§ **Task directions**
Within the lines below, the span from the line with "Well-kept lawn and" to the line with "261 Roberts Road", both ends included, is to be reproduced exactly, with pictures omitted.

───── Data for review ─────

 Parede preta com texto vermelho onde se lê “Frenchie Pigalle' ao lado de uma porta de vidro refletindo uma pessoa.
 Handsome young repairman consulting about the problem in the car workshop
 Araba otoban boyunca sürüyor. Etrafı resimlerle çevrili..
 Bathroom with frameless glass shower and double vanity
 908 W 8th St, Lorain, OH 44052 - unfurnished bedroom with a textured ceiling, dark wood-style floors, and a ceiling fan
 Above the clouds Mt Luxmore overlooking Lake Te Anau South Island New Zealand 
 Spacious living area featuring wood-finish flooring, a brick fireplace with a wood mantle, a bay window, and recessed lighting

─────
───── Data for review ─────

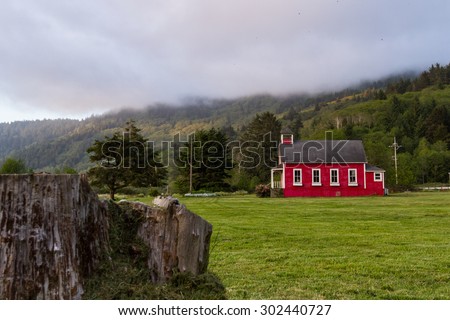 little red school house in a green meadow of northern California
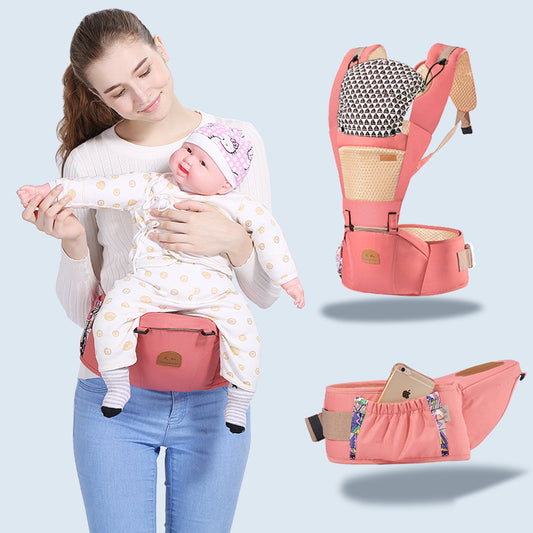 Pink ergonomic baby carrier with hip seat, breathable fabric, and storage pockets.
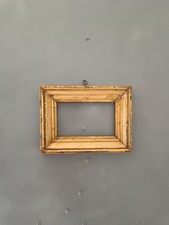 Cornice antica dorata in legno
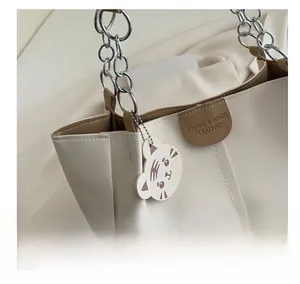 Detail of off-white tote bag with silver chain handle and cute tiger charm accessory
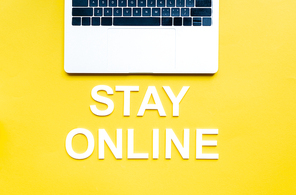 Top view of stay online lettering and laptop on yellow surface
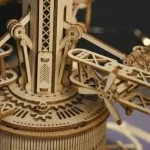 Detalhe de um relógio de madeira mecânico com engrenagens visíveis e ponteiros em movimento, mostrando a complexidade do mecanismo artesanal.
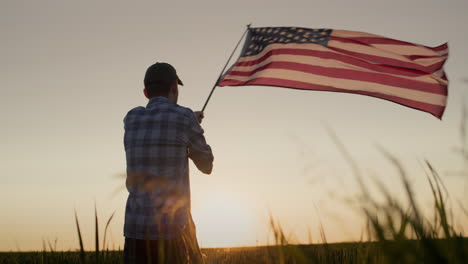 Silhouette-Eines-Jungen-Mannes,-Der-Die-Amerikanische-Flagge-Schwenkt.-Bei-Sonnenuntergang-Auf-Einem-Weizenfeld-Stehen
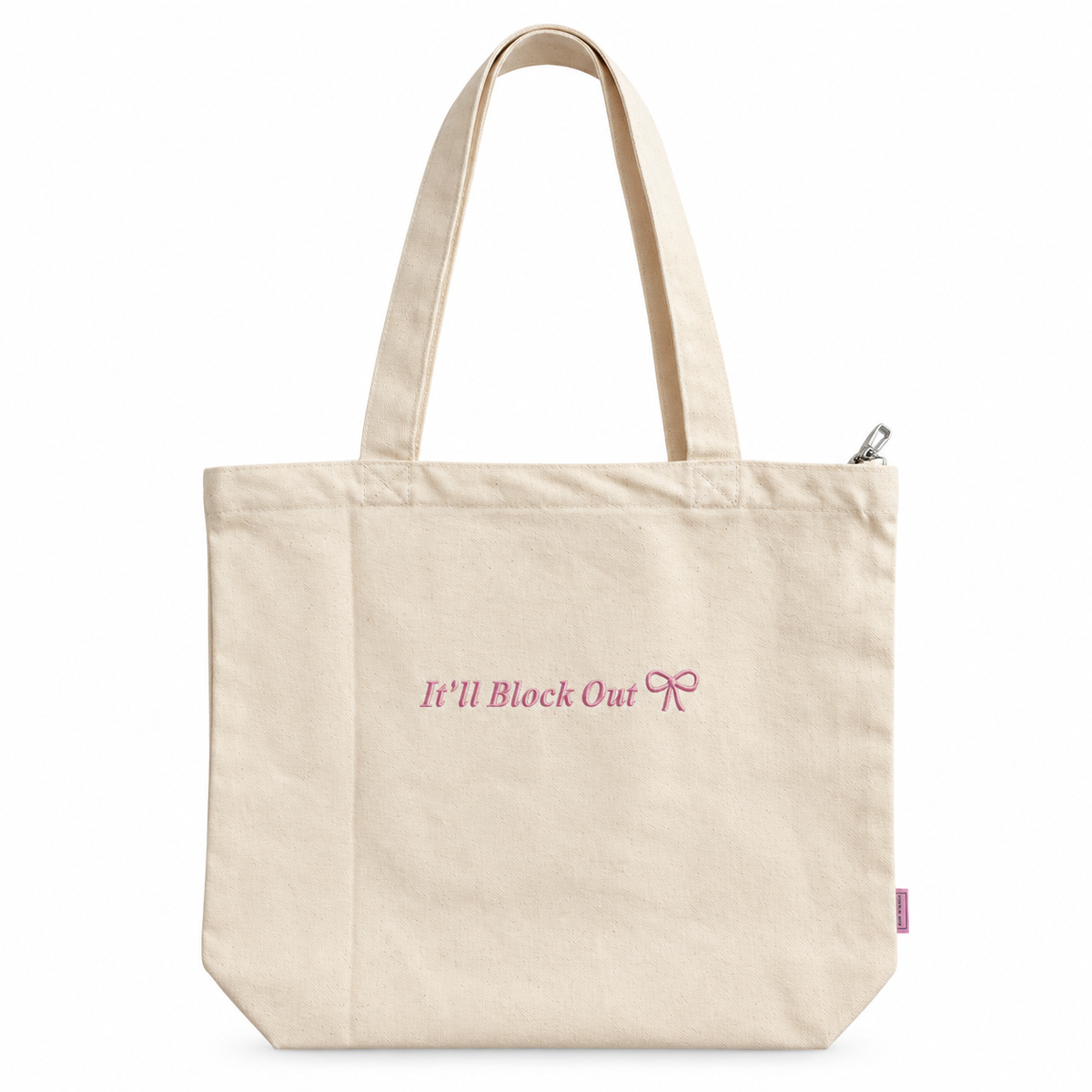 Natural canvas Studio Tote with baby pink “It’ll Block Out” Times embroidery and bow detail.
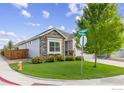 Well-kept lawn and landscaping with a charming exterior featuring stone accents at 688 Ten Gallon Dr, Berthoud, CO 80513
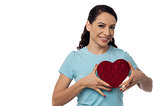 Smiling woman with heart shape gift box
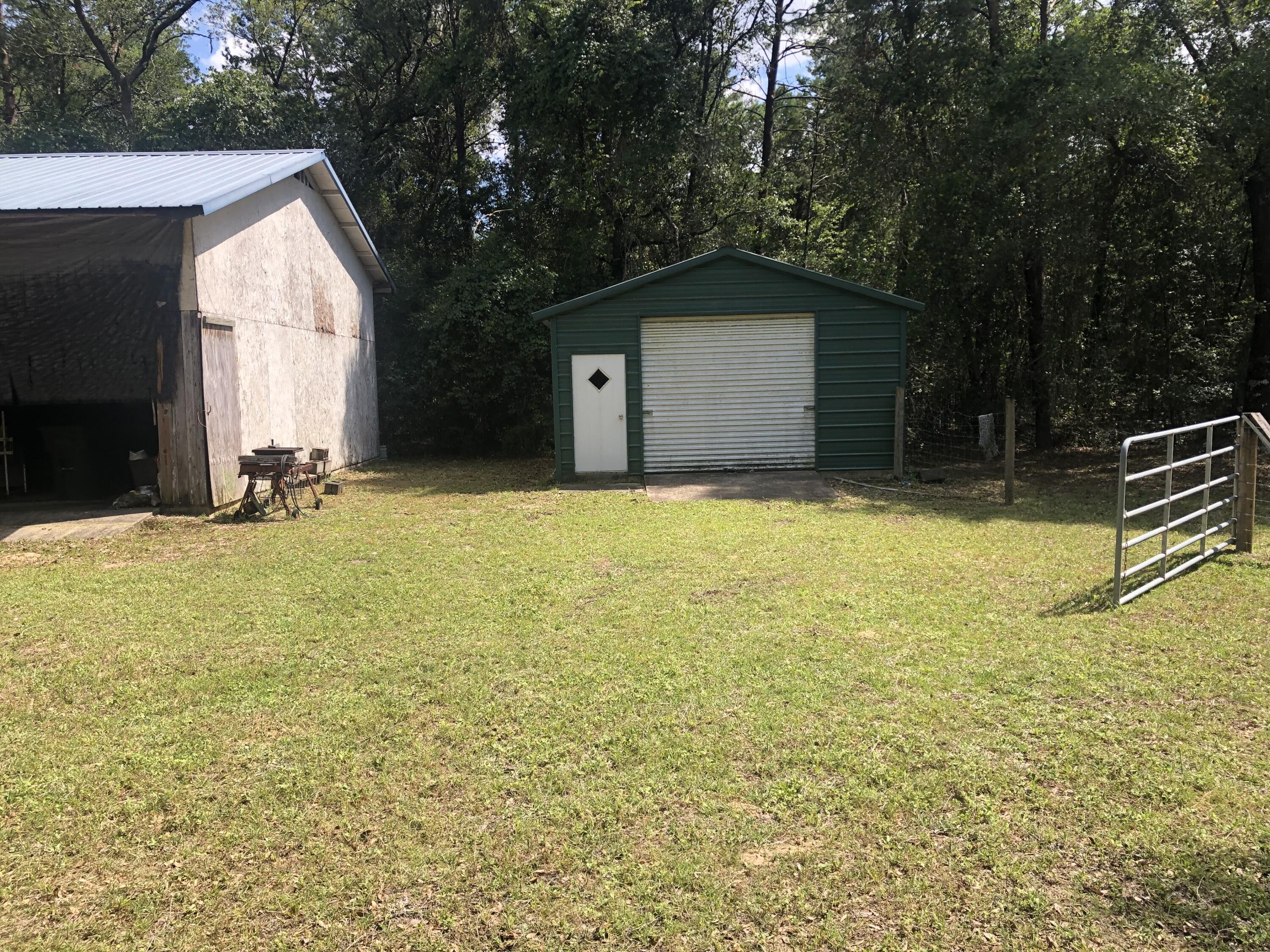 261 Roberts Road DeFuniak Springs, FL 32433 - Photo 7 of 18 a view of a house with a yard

─────

§ **Solution**
 Well-kept lawn and landscaping with a charming exterior featuring stone accents at 688 Ten Gallon Dr, Berthoud, CO 80513
 Smiling woman with heart shape gift box
 261 Roberts Road DeFuniak Springs, FL 32433 - Photo 7 of 18 a view of a house with a yard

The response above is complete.